INFORMATION SHOWN below:

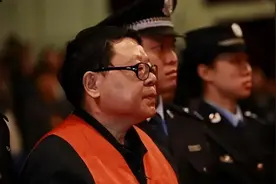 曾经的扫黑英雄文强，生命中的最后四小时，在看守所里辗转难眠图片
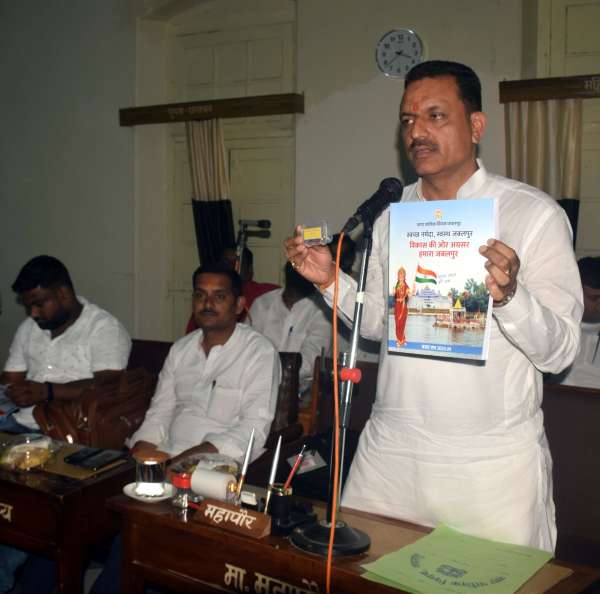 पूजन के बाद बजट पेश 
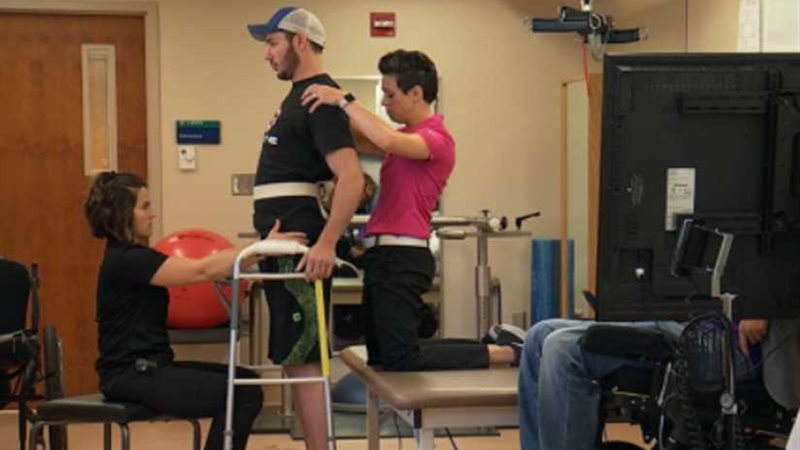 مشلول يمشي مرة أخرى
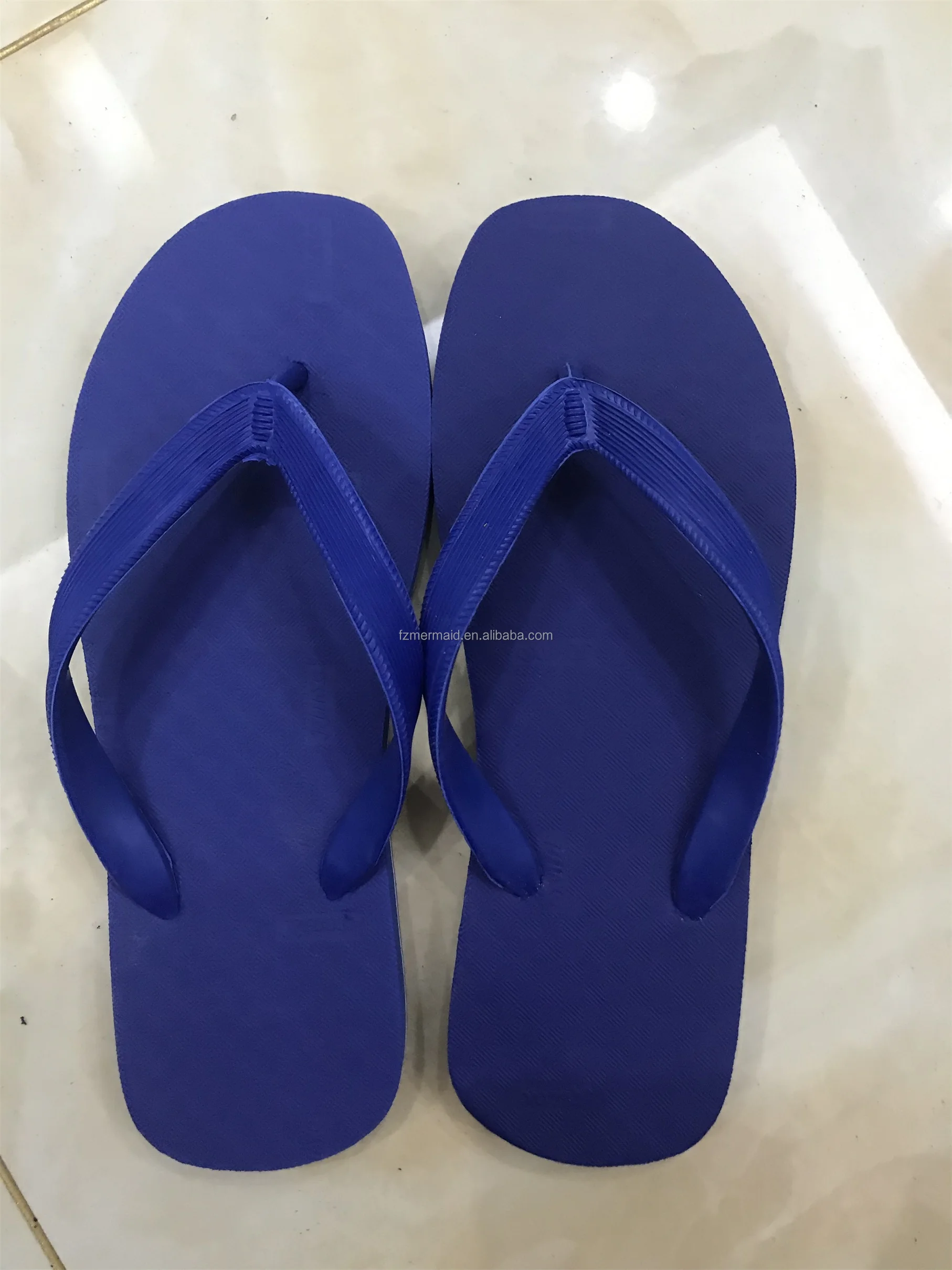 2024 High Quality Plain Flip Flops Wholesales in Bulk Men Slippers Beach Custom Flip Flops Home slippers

End of INFORMATION SHOWN.

Line by line and exactly, write out the material above. Skip the pictures.

 曾经的扫黑英雄文强，生命中的最后四小时，在看守所里辗转难眠图片
 पूजन के बाद बजट पेश 
 مشلول يمشي مرة أخرى
 2024 High Quality Plain Flip Flops Wholesales in Bulk Men Slippers Beach Custom Flip Flops Home slippers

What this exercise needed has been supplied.